NASA has spent hundreds of millions of dollars redesigning the exterior layer of hard foam insulating the giant orange fuel tank that launches side by side with each shuttle, feeding its enormous appetite for liquid hydrogen and oxygen on its way to orbit.

The space agency wants to prevent a recurrence of shedding foam that punched a hole in the wing of the shuttle Columbia in 2003, causing it to burn up upon re-entry, killing seven astronauts.

NASA has removed the foam from the tank site that contributed that deadly debris and reshaped it in other places. The attempt has been to minimize the amount that breaks away during the tremendous physical stresses of launch.

The agency's chief of space operations, Bill Gerstenmaier, says NASA wind tunnels are limited in their ability to simulate these forces, so the only thing to do now is to subject the redesigned tank foam to real launch conditions.

"We're really pushing the state of the art of our analysis in wind tunnel capabilities, so at some point, you really need to go to flight, and you need to go to flight with some instrumentation so you can monitor that performance and see how the design you have put together with the best of your engineering capabilities actually performs in flight," he said.

NASA found during last July's mission of the shuttle Discovery, the first since Columbia's demise two-and-a-half years earlier, that foam shedding was still a problem. So it imposed a second flight moratorium and went back to work on the fuel tank's foam design.

The agency plans to lift that flight ban in July and send Discovery to the International Space Station.

The chief of shuttle operations, Wayne Hale, says flying without further planned modifications presents some risks. But he says the existing changes have altered the fuel tank's aerodynamics and NASA wants to see how the unit acts before making any more alterations.

"There was a strong, concerted opinion from several folks that we should wait until we have a good design on these pieces of foam and then change them as well before we go fly," said Mr.

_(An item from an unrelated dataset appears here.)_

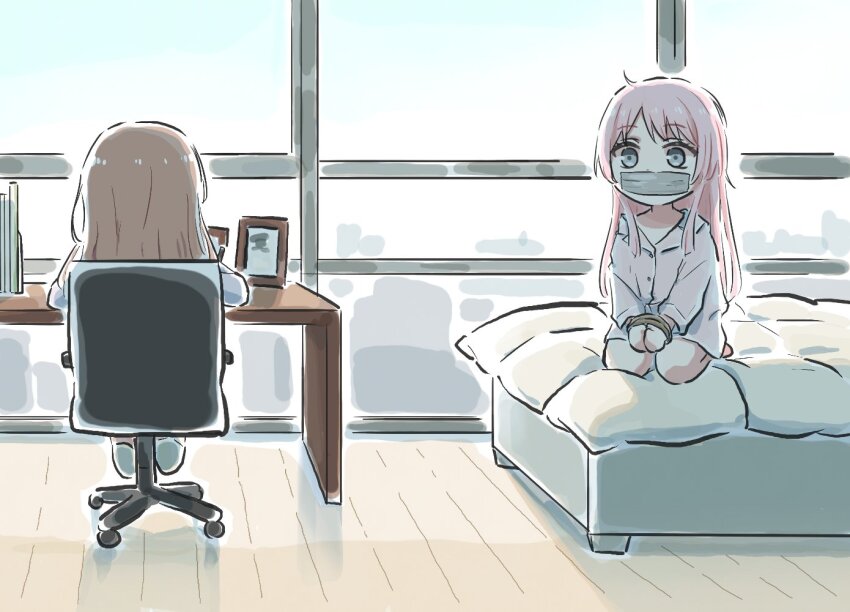 2girls bang_dream! bang_dream!_it&#039;s_mygo!!!!! bed bound brown_hair chair chihaya_anon commentary gag grey_eyes holding holding_pen improvised_gag indoors long_hair lyy multiple_girls nagasaki_soyo pajamas pen pink_hair restrained shirt sitting tape tape_gag tied_up_(nonsexual) white_shirt window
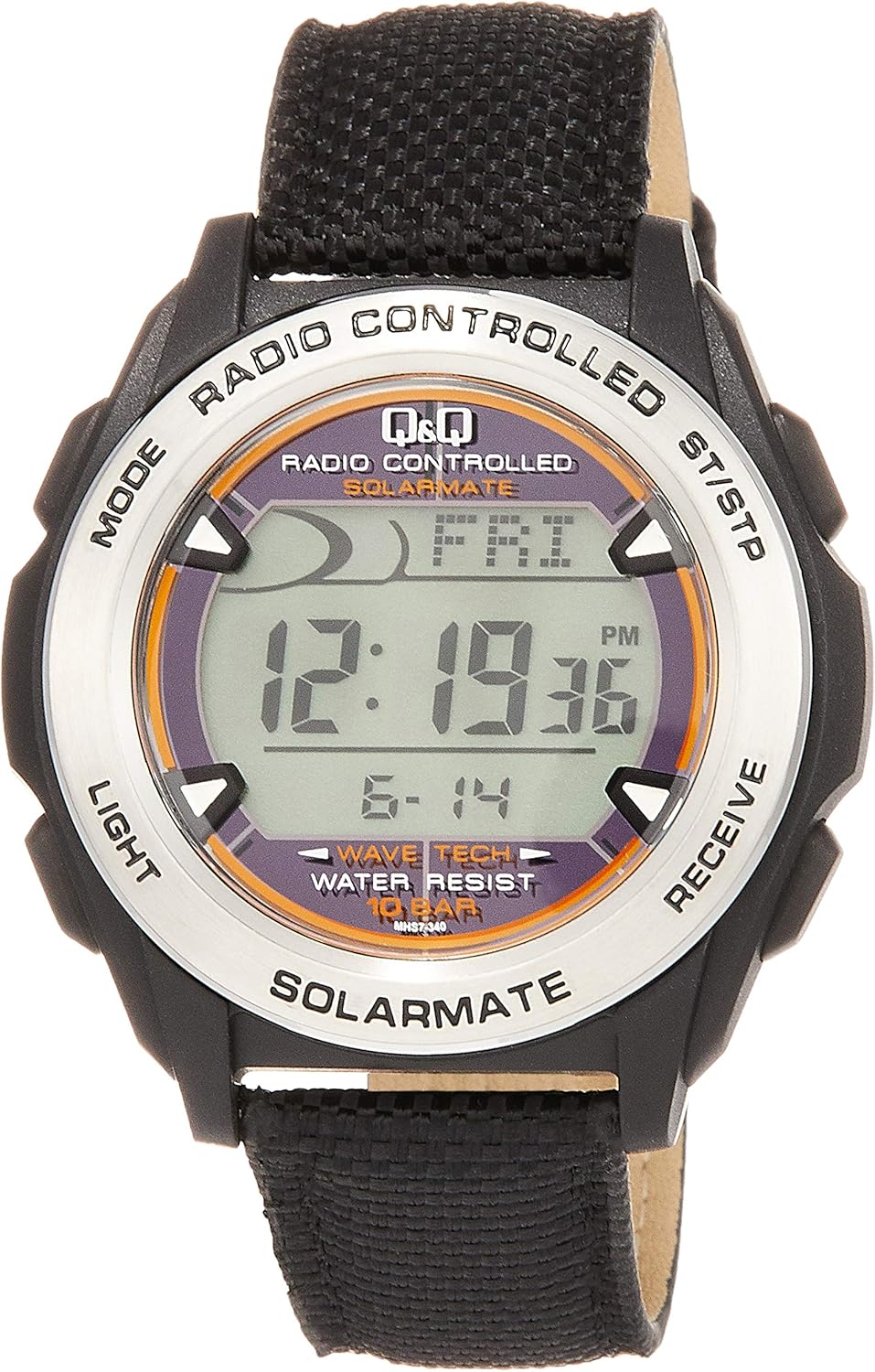 Citizen Q&Q MHS7-340 Men's Digital Wristwatch, Radio Control, Solar, Waterproof, Date Leather Strap, Black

Hale. "However, at the end of the day, we came back to the fact that it is appropriate to make one change at a time to take care of the biggest problem that we have, and then work our way to the next situation that we would like to improve."

Hale says the decision was not driven by pressures to return shuttles to flight to complete space station construction.

Discovery's next mission will bring fresh supplies to the outpost and a third crewmember. He is German astronaut Thomas Reiter, the first non-American or non-Russian long-duration crewmember on the station. It has been operating with only two astronauts since the Columbia accident because Russian cargo rockets do not have enough volume to carry goods for more.

NASA plans a second shuttle mission later in the year to test any further fuel tank modifications.